Make a JIRA and attach the patch, please.

2012/11/19 pablomar <pablo.daniel.marti...@gmail.com>

> hi all,
>
> I did it as simple as I could. What about this changes ?
>
>
> PigStorage.java
> original:
>     private void readField(byte[] buf, int start, int end) {
>         if (start == end) {
>             // NULL value
>             mProtoTuple.add(null);
>         } else {
>             mProtoTuple.add(new DataByteArray(buf, start, end));
>         }
>     }
>
>
> new:
>     protected void addToCurrentTuple(DataByteArray data) {
>             mProtoTuple.add(data);
>     }
>
>     protected void readField(byte[] buf, int start, int end) {
>         if (start == end) {
>             // NULL value
>             addToCurrentTuple(null);
>         } else {
>             addToCurrentTuple(new DataByteArray(buf, start, end));
>         }
>     }
>
>
>
> so, what's the advantage ?
> with the new version, if I want to extend PigStorage just to override
> readField, I do something like:
>
> import org.apache.pig.builtin.PigStorage;
> import org.apache.pig.data.DataByteArray;
>
> public class MyLoader extends PigStorage {
>   public MyLoader() {
>     this("\t");
>   }
>
>   public MyLoader(String delimiter) {
>     super(delimiter);
>   }
>
>   @Override
>   protected void readField(byte[] buf, int start, int end) {
>     // remove the field name (example: min=, max=)
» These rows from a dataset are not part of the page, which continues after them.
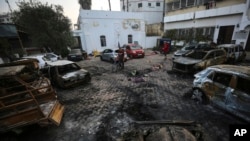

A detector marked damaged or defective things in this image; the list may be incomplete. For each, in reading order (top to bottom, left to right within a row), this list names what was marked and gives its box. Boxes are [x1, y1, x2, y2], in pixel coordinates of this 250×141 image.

burned car [0, 59, 64, 132]
burnt vehicle frame [0, 59, 64, 132]
wrecked van [0, 60, 64, 133]
charred car wreck [0, 60, 64, 133]
burned car [41, 59, 91, 88]
burnt vehicle frame [41, 59, 91, 88]
wrecked van [41, 60, 91, 88]
burned car [172, 48, 227, 73]
wrecked van [172, 48, 227, 73]
charred car wreck [172, 48, 227, 73]
burnt vehicle frame [172, 48, 227, 73]
wrecked van [192, 64, 249, 121]
burned car [191, 65, 250, 122]
charred car wreck [192, 65, 249, 122]
burnt vehicle frame [192, 65, 249, 122]
burned car [217, 43, 246, 62]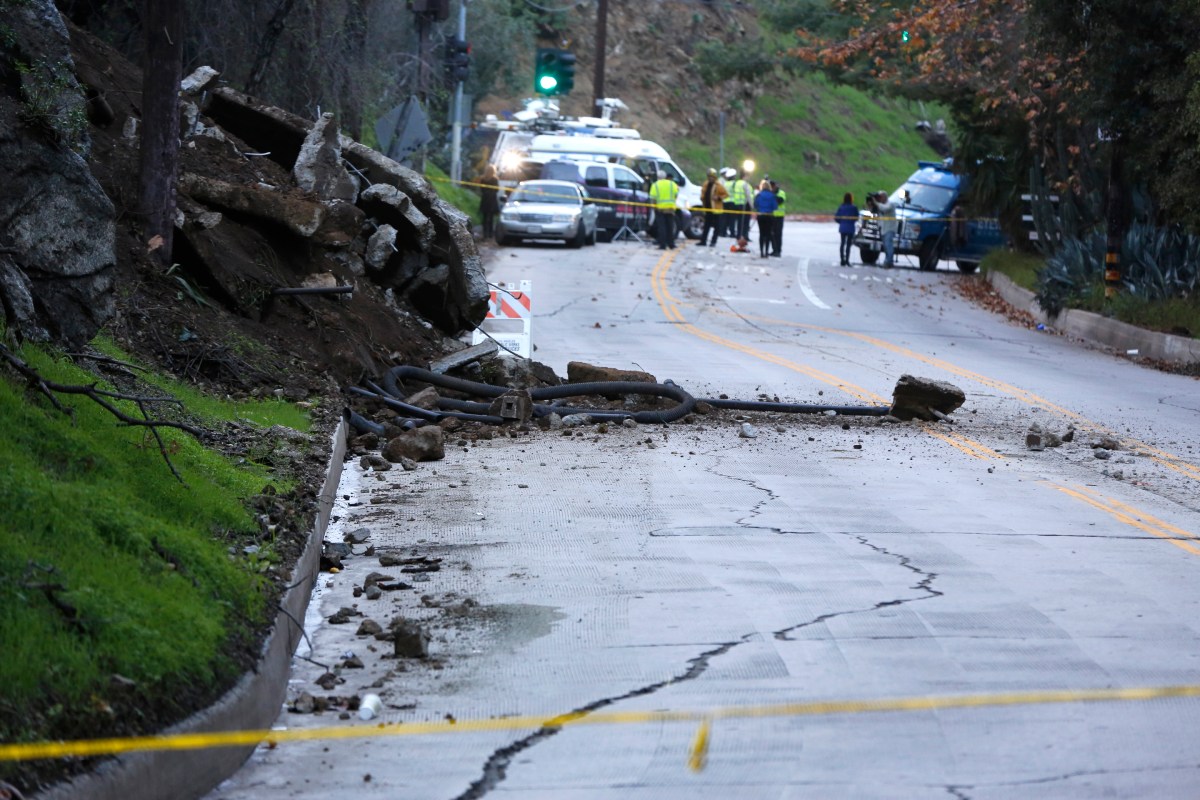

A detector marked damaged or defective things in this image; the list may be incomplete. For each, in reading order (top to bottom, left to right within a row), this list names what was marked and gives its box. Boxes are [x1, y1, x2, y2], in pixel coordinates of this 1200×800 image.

cracked asphalt road [211, 222, 1200, 796]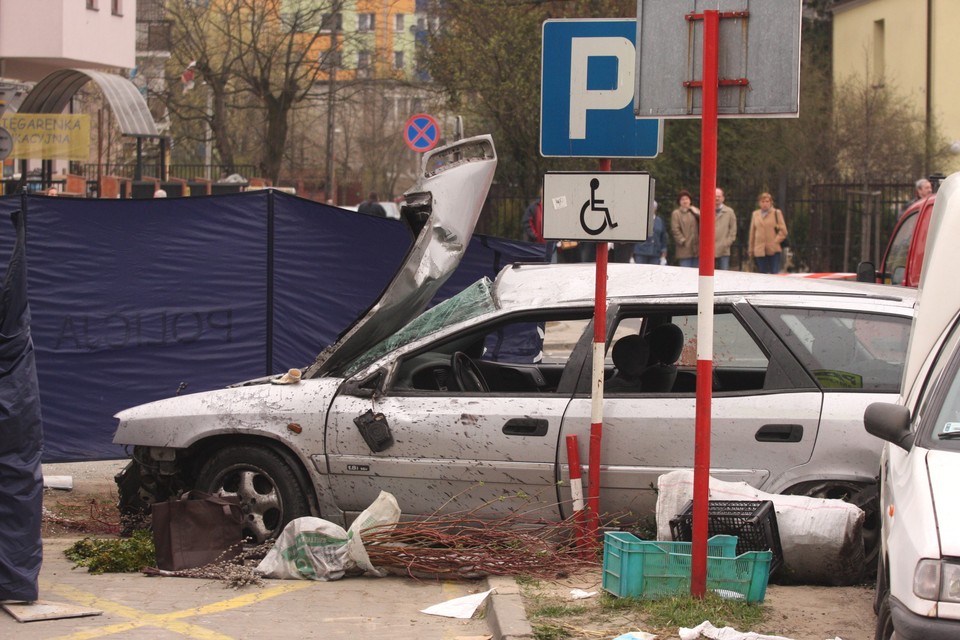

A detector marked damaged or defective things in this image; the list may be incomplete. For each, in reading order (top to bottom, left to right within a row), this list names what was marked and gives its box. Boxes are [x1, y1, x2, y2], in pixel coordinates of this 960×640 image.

crushed car hood [302, 132, 496, 378]
shattered windshield [342, 278, 498, 378]
wrecked silver car [112, 138, 916, 576]
crushed car hood [928, 448, 960, 556]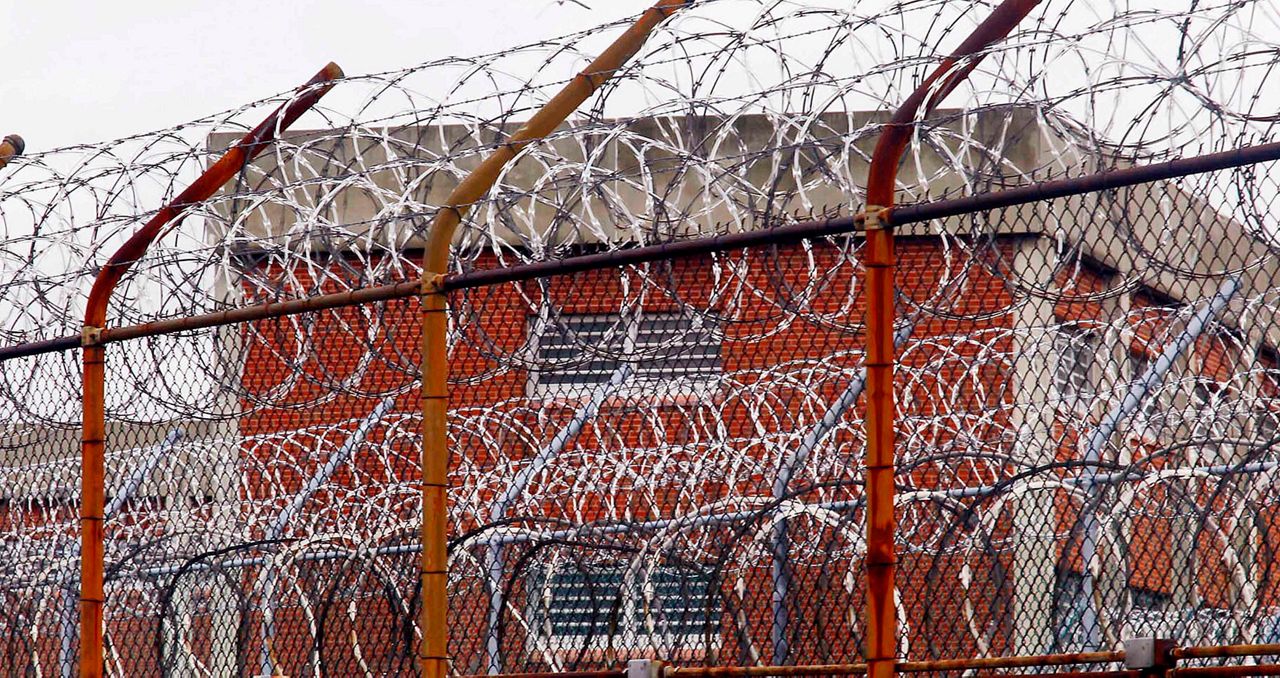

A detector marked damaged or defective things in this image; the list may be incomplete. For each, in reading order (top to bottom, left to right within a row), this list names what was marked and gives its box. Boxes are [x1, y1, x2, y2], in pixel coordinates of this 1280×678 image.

rusty metal post [0, 132, 24, 167]
rusty metal post [76, 60, 340, 670]
rust stain on pole [76, 62, 340, 675]
rust stain on pole [417, 2, 691, 670]
rusty metal post [417, 6, 691, 675]
rusty metal post [860, 2, 1039, 670]
rust stain on pole [860, 2, 1039, 670]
>     for (int i=start; i<=end;i++) {
>       if (buf[i] == '=') {
>         start = i + 1;
>         break;
>       }
>     }
>
>     if (start == end) {
>       // NULL value
>       addToCurrentTuple(null);
>     } else {
>       addToCurrentTuple(new DataByteArray(buf, start, end));
>     }
>   }
> }
>
> currently, just to override readField, I also need to copy/paste a lot from
> PigStorage:
>
> import java.io.IOException;
> import java.util.ArrayList;
> import java.util.Properties;
> import org.apache.hadoop.io.Text;
> import org.apache.pig.backend.executionengine.ExecException;
> import org.apache.pig.builtin.PigStorage;
> import org.apache.pig.PigException;
> import org.apache.pig.data.DataByteArray;
> import org.apache.pig.data.Tuple;
> import org.apache.pig.data.TupleFactory;
> import org.apache.pig.impl.util.ObjectSerializer;
> import org.apache.pig.impl.util.StorageUtil;
> import org.apache.pig.impl.util.UDFContext;
>
> public class MyLoaderextends PigStorage {
>   private byte fieldDel = '\t';
>   private ArrayList<Object> mProtoTuple = null;
>   private TupleFactory mTupleFactory = TupleFactory.getInstance();
>   private boolean mRequiredColumnsInitialized = false;
>
>   public MyLoader() {
>     this("\t");
>   }
>
>   public MyLoader(String delimiter) {
>     super(delimiter);
>     fieldDel = StorageUtil.parseFieldDel(delimiter);
>   }
>
>   // exactly the same than in PigStorage, but I needed to modify readField
> which is private, so I have to copy all of it
>     @Override
>     public Tuple getNext() throws IOException {
>         mProtoTuple = new ArrayList<Object>();
>         if (!mRequiredColumnsInitialized) {
>             if (signature!=null) {
>                 Properties p =
> UDFContext.getUDFContext().getUDFProperties(this.getClass());
>                 mRequiredColumns =
> (boolean[])ObjectSerializer.deserialize(p.getProperty(signature));
>             }
>             mRequiredColumnsInitialized = true;
>         }
>         try {
>             boolean notDone = in.nextKeyValue();
>             if (!notDone) {
>                 return null;
>
> }
>
>             Text value = (Text) in.getCurrentValue();
>             byte[] buf = value.getBytes();
>             int len = value.getLength();
>             int start = 0;
>             int fieldID = 0;
>             for (int i = 0; i < len; i++) {
>                 if (buf[i] == fieldDel) {
>                     if (mRequiredColumns==null ||
> (mRequiredColumns.length>fieldID && mRequiredColumns[fieldID]))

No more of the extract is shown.